▶ _Exercise brief_: Would you set down the data that follows, word for word, without any pictures?

▶ _Recorded information_:
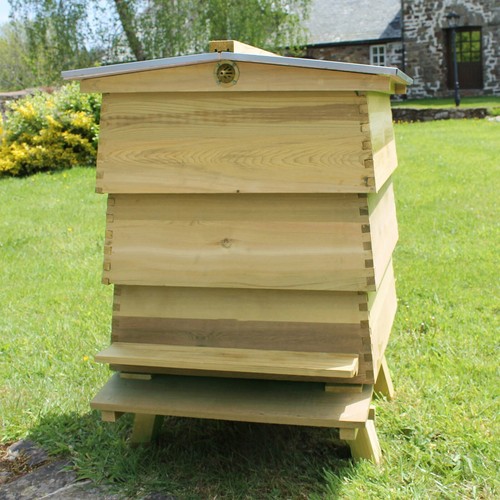 Wbc beehive new zealand - new,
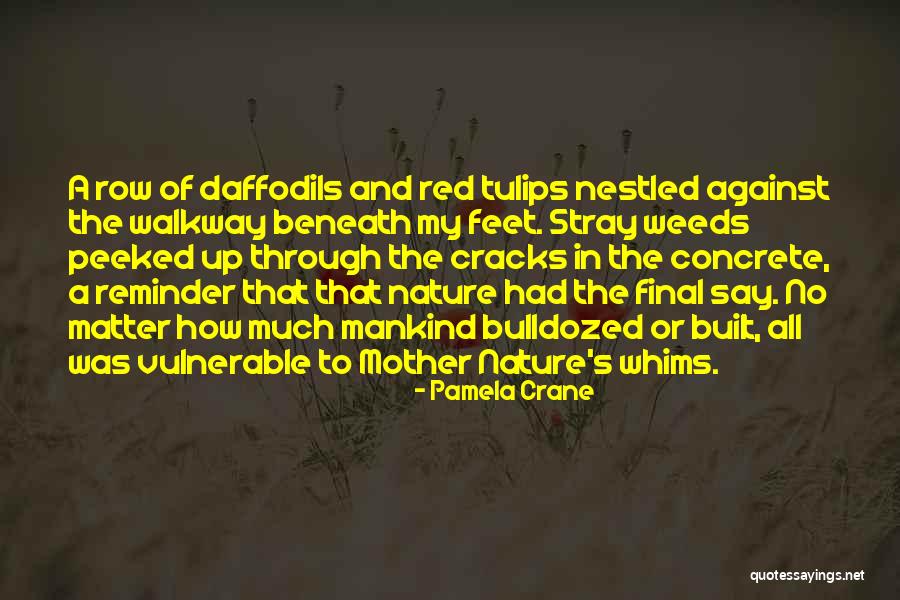 Mindenkinek K T Quotes By Pamela Crane Mindenkinek K T Quotes By Pamela Crane
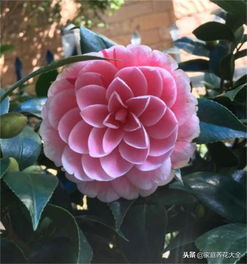 茶花新入手，如何养护才能绽放光彩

▶ _Solution to the exercise_:
 Wbc beehive new zealand - new,
 Mindenkinek K T Quotes By Pamela Crane Mindenkinek K T Quotes By Pamela Crane
 茶花新入手，如何养护才能绽放光彩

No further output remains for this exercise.